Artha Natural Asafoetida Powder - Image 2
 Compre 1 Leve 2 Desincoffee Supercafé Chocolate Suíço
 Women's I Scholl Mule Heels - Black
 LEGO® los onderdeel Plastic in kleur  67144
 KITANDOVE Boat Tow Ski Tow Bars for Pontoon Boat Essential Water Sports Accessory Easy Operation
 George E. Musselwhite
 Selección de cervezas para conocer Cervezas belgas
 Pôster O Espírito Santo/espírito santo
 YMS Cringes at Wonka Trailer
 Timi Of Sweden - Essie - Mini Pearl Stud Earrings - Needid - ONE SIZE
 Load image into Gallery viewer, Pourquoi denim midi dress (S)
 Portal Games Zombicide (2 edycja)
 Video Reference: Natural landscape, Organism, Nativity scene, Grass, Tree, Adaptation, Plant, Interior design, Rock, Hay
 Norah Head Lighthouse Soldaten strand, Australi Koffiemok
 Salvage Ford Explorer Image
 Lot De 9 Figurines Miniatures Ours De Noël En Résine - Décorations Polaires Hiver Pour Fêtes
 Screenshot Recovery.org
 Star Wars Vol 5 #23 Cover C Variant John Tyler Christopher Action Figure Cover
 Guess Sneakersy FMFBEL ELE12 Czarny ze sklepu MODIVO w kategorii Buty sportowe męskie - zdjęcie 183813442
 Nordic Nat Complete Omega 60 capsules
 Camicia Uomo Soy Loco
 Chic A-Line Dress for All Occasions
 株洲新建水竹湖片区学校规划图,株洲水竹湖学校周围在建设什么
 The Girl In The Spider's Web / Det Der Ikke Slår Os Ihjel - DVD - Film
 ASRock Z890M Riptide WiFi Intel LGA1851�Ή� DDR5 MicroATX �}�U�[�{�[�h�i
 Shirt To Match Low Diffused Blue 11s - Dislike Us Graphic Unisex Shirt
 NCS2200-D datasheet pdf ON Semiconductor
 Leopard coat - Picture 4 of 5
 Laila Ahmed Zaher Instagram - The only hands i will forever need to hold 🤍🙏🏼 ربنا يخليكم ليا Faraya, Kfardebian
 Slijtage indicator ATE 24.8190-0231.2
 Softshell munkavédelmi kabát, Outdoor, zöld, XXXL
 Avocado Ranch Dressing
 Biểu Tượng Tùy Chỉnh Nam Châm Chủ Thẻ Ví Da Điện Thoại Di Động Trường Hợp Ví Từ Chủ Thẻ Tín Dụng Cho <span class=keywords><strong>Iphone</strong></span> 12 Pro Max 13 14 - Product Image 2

■ **Exercise instructions**: Among the lines above, find the one with "Screenshot Recovery.org" and the one with "株洲新建水竹湖片区学校规划图,株洲水竹湖学校周围在建设什么". Quote both and everything between them, exactly.

■ **Task output**:
 Screenshot Recovery.org
 Star Wars Vol 5 #23 Cover C Variant John Tyler Christopher Action Figure Cover
 Guess Sneakersy FMFBEL ELE12 Czarny ze sklepu MODIVO w kategorii Buty sportowe męskie - zdjęcie 183813442
 Nordic Nat Complete Omega 60 capsules
 Camicia Uomo Soy Loco
 Chic A-Line Dress for All Occasions
 株洲新建水竹湖片区学校规划图,株洲水竹湖学校周围在建设什么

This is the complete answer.